There's a few reasons we like this one. Versatility. It features a hot rod-style lawn mower, a giant barbecue, an even bigger trike, a larger-than-life glass of cola and an ice cream van elevated by a monstrous set of wheels. The comparison, it seems, is that the Skoda Octavia vRS comprises a host of engineering innovations, a dramatic new design and great performance.
Another ad demonstrating the importance of body control. Those that enjoyed the 2010 hit film, Black Swan, should appreciate this. It involves a ballerina, Tamara Rojo, dancing to the track 'Step Up' by Stephen Kozmeniuk. The display of Tamara's sleek, succinct performance - from pirouette to pirouette - is a great way of advertising the excellent body control of the Lexus IS. Plenty of grip, very little body roll and stability at all times.
Simple adverts are sometimes the best. This one starts with two hands, a nut, and the line: "Let's see what curiosity can do." Over the course of the advert, the hands manipulate the nut, transforming it into an engine, various different motorbikes, a Honda Civic, BTCC Civic touring car, NSX and lastly a Honda Jazz. Great way of demonstrating some of Honda's most successful innovations from the past 65 years.
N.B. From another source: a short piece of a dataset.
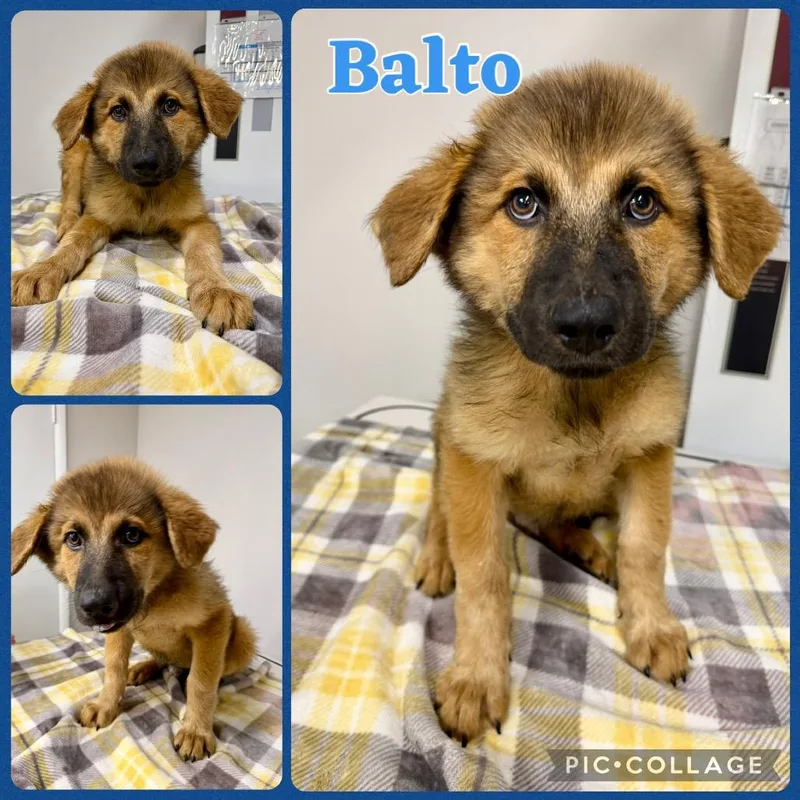 A baby medium-sized male Great Pyrenees dog named Balto for adoption in Opelika, AL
This is just mad. Fiat has gone to new lengths to advertise the practicalities of the Fiat 500L in creating an original gangster rap entitled 'The Motherhood'. Referencing infant defecation among other things, the ad explores - in some depth - the toils of motherhood. It's a smart way of appealing to a niche audience, but it was a little bit long and bordering on repetitive; there's an intro, two verses, two choruses and an awfully strange bridge to haul through. Realistically, no mother would withstand the length of this advert without postponing it to attend their infant.
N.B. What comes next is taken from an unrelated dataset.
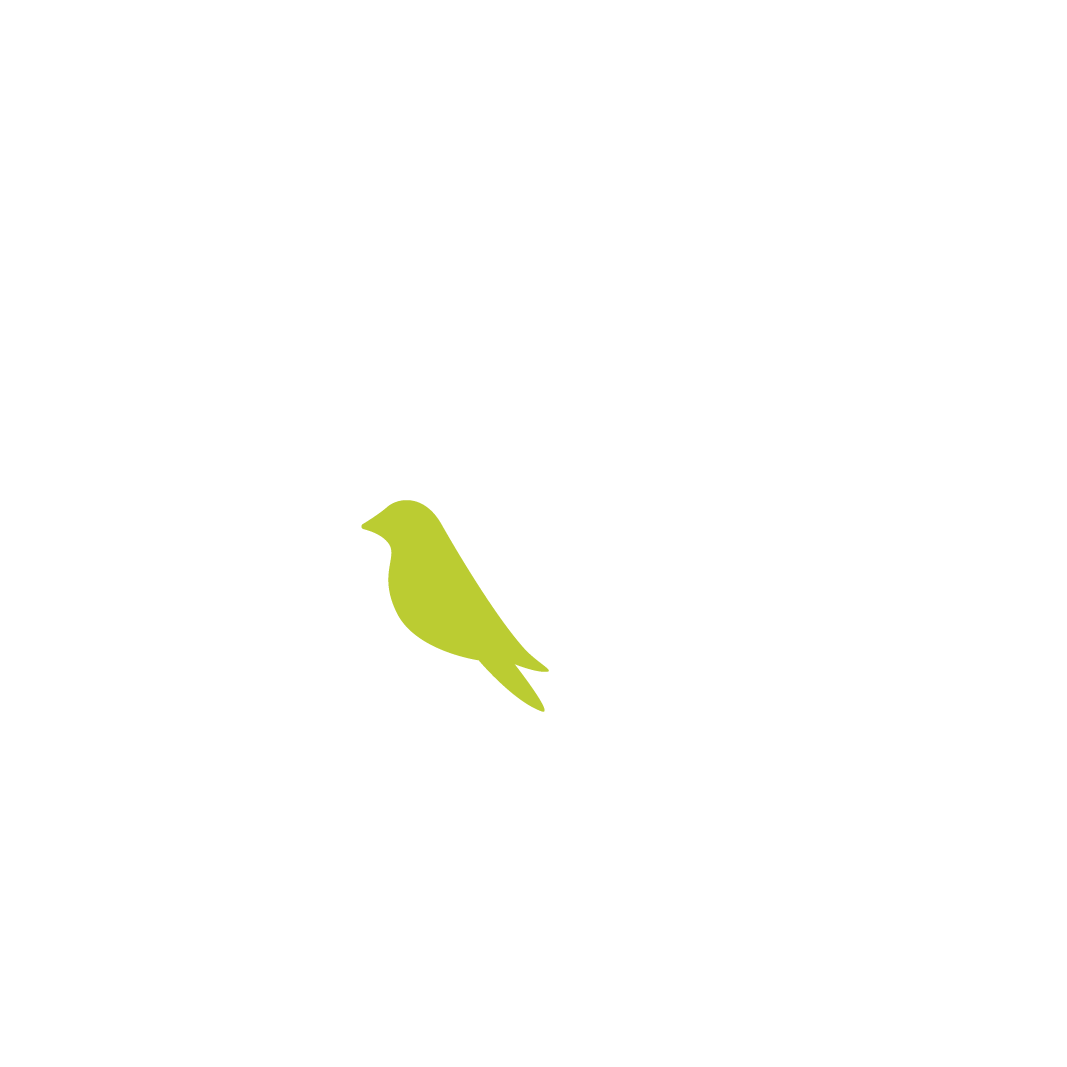 Lime Bird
We had to have at least one advert in here appealing to our auditory perception and the Audi R8 V10 plus advert does just about that. It's designed to demonstrate the power of the new mid-engined sportscar. The R8's V10 engine produces a raucous and undiluted engine note. Even cooler - thanks to the absence of certain body panels you can actually see the engine being put through its paces - it's music to the ears of any petrol head hearing the R8 rifling through different gears.
This made the top 10 solely because of the amazing soundtrack. It features a unique remix, including samples from Tinie Tempah's 'Pass Out' to 'Tidal Wave' by Sub Focus. It's an alternative way of demonstrating the roaring capabilities of the new Mercedes E63 AMG engine. Instead of literally recording the engine being put through its paces, as Audi did, Mercedes has enlisted popular music in a way that's sure to appeal to its market.
This ad follows the story of a father driving his baby around at night trying to get him to sleep. At first, it seems like a cunning ploy; the baby is sound asleep. But Volkswagen Start/Stop technology soon intervenes and every time the Tiguan's engine cuts out, the baby wakes up and starts crying. The conclusion is that, despite crying babies, you'll at least save money on fuel.
This is the advert that Dacia chose to coincide with its launch in the UK. It's a plain approach, starting with three Dacias in a white showroom. The simplistic advertising technique seems to be an attempt to emulate Dacia's budget approach towards car manufacturing. It's great that Dacia is being so clear-cut in what it stands for, but we'd still like it if they spiced things up a little, at least in the advertising sector of the business.